Oh, and moron: In Augusta, they say "Tuhn-ah-ment." At least get your mockery down right, jackass.

(5) Actually, idiot, chaos theory does not mean "[t]here is no barring life, segregating it, no stopping it for long." It means, in one respect (I'm keeping this simple just for you, Ralphie), that even within apparently random event sequences, there is a pattern. It means that small permutations can geometrically build to larger ones. It is the proverbial butterfly in Beijing causing storm cycle changes in Brooklyn. There's much more to it than that, of course, but I figure that sentence probably destroyed your prefrontal lobe, so I'm not going any farther.

(Here's a good primer on the subject. Learn to read, then browse it.)

(6) I'd like to tackle one more bit of idiocy:

It seemed delusional, as homo sapiens, as mammals, to think you could segregate yourself from that from which you come. Consider the source of our comfort and desire.

You see? You don't? Well, I'll keep trying. Roll over and ask your significant other, "Honey, what do you think about women as members of Augusta National Golf Club?"

Notice how she replies. Does her reply reflect total honesty, what she really thinks, or how she knows she has to handle you on this subject? It's a loaded question. It goes beyond Augusta National. Should a woman be free, is what you're asking. Even the ones who say they don't care -- it's just tactical, whether they are actually aware of it being tactical or not. They are saying that to continue to survive in the manner to which they have become accustomed. As one long-time black Augusta caddy who's worked with Gary Player among others told me, "I try not to make enemies out of rich folks." Note that he didn't say white folks, or menfolks, or Republicans. He said rich folks.
(a) As a homo sapien, does it make sense to cut yourself off from the dirt out of which the basic components of your existence come? If not, then why are you wearing shoes? Working in an office?
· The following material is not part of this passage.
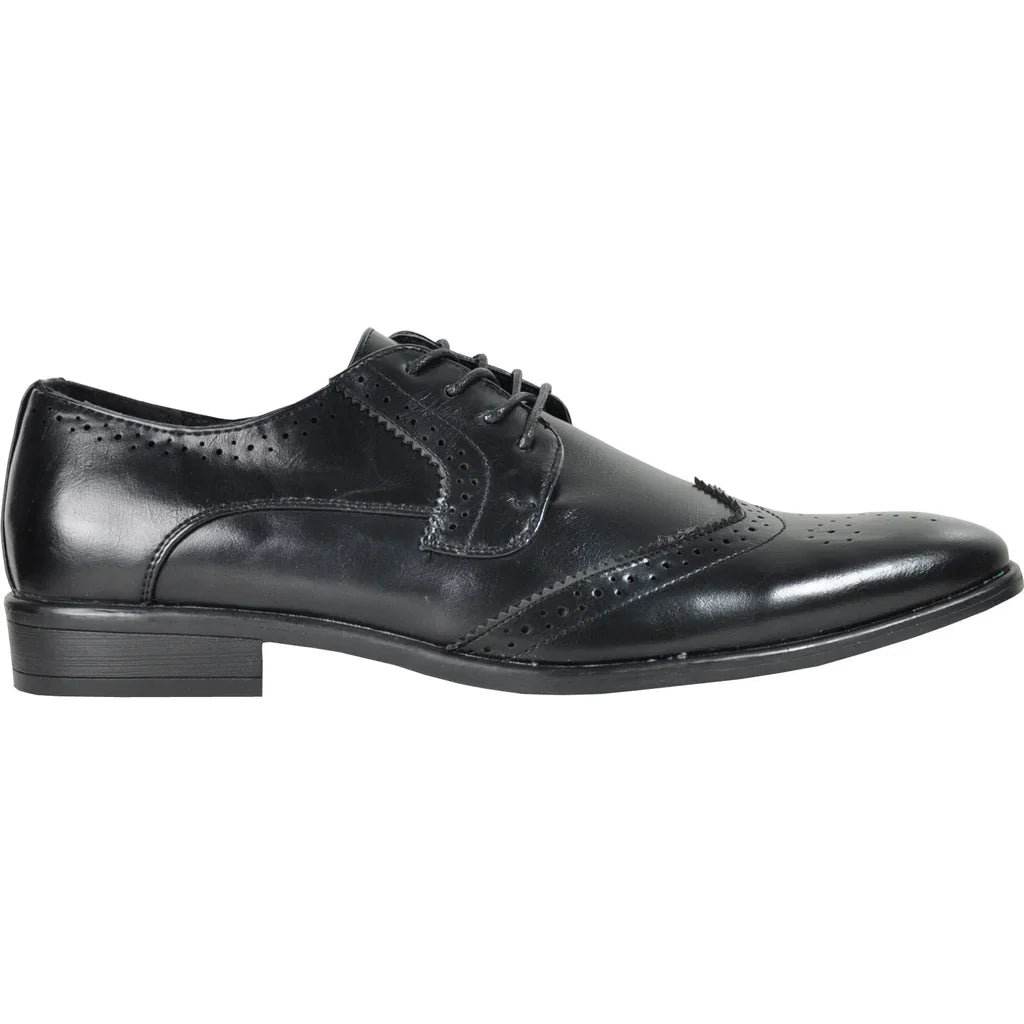 Black faux leather wingtip oxford with a lace-up front.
(b) Wow, false consciousness theory. I thought that went the way of Bill and Hill. So a woman can't honestly believe -- to her core -- that sometimes men need their own space, and women do, too?

Deep.

Moron.

(c) I asked my wife about Augusta. She said it's wrong to have a men-only policy, morally, and, perhaps, legally. I told her she was full of [it]. I asked her if she'd mind if high school boys got to hang out in women's locker rooms. That's different. If women should be forced to have male ob/gyns, because after all, men and women should be forced to mingle, right?

She, of course, God bless her, punched me in the gut.

Doesn't make her any more right, nor does it mean that her belief in single-sex locker rooms or having the choice of same-sex doctors are signs of false consciousness.

So, to summarize: The point of the article is that a bunch o' hillbilly rich boys are keepin' the womenfolk out 'cuz they're stoopid, talk funny, and are disconnected from reality; they're probably all racists, even the black ones; they're definitely misogynists; they're on the wrong side of History; and any women who disagree aren't women after all.

Took ol' Ralph 2,000 words to recycle typical left-wing garbage. Took me 58. But that's because I'm a racist, misogynist homophobe, I guess.

Moron.

(Via Jimmy, who I think still has that burning desire to tell the world off.)